Sister Beatrice began to question villagers about the troubles they faced and encouraged them to come up with answers. To help the orphans, Sister realized that it would be up to the villagers themselves to create and maintain programs.

They quickly discovered one family had extra food it could share. Some women had time to check in on homes run by the eldest child of orphaned siblings. Committees were formed. An action plan was drafted. They would start a community garden, sell fish to earn money for their projects, and begin a community-based childcare center where all the village children could go for food, educational activities and other support.

Enthusiastic Reception

Sister Beatrice Chipeta helped villagers organize to care for a growing number of orphans who had little guidance, often no food, and no place to turn for help. Photo by Karen Kasmauski for CRS Sister Beatrice Chipeta helped villagers organize to care for a growing number of orphans who had little guidance, often no food, and no place to turn for help. Photo by Karen Kasmauski for CRS

There are 66 villages in Karonga. Sister Beatrice planned on visiting the 10 within walking distance, but by the time she had engaged the last community, word had spread. "When people saw that communities could provide for the orphans," Sister says, "then other communities began to think that they could too."

Village chiefs began to approach Sister Beatrice and invite her to their communities. She would walk farther and farther distances, sometimes sleeping in a community, other times villagers would meet her at the half-way mark between their village and Sister's home.

At one village meeting, two young orphaned boys were beaming as they listened to the adults discuss how they could help the orphans. An elder passed by and asked them, "You look so brilliant, what is happening here?" The boys replied, "These people have been talking about orphans, orphans, orphans, so we have hope that at least something good is coming to us."

The question came up soon after of what the project should be called. "Lusubilo," the local word for hope, offered the man, "because that is what this project has given these children." The community agreed. The Lusubilo Orphan Care project was born.

Good Life, Good Manners
Hope apparently spreads quickly. These days the 66 participating Lusubilo communities and affiliated childcare centers help serve 9,500 orphans and children made vulnerable by the AIDS epidemic. HIV infection rates still hover at 12 percent throughout Malawi, and Sister Beatrice continues to stay true to her mission of teaching children how to "live a good life and have good manners."

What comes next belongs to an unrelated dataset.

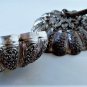 Antique 19th C 900 Silver Burma Squash Form Foliate Floral Betel Nut Container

In addition to childcare centers and community gardens, the project also runs an orphanage that shelters 70 children, provides infant formula for babies whose mothers have either died or cannot produce milk, provides home-based care to 1,200 people with HIV, teaches agricultural skills and provides food baskets to orphan-headed households.

Sister's initial footsteps paved the way for much more than she might have hoped when she first set out to talk to the villagers of Mwambuli.

"Something I can't believe is that we now have some graduates from the university and some nurses," says Sister Beatrice of the impact of the Lusubilo project. "And four of the children who started off with the project are now working for Lusubilo. That is so encouraging, how they have grown to love and help one another."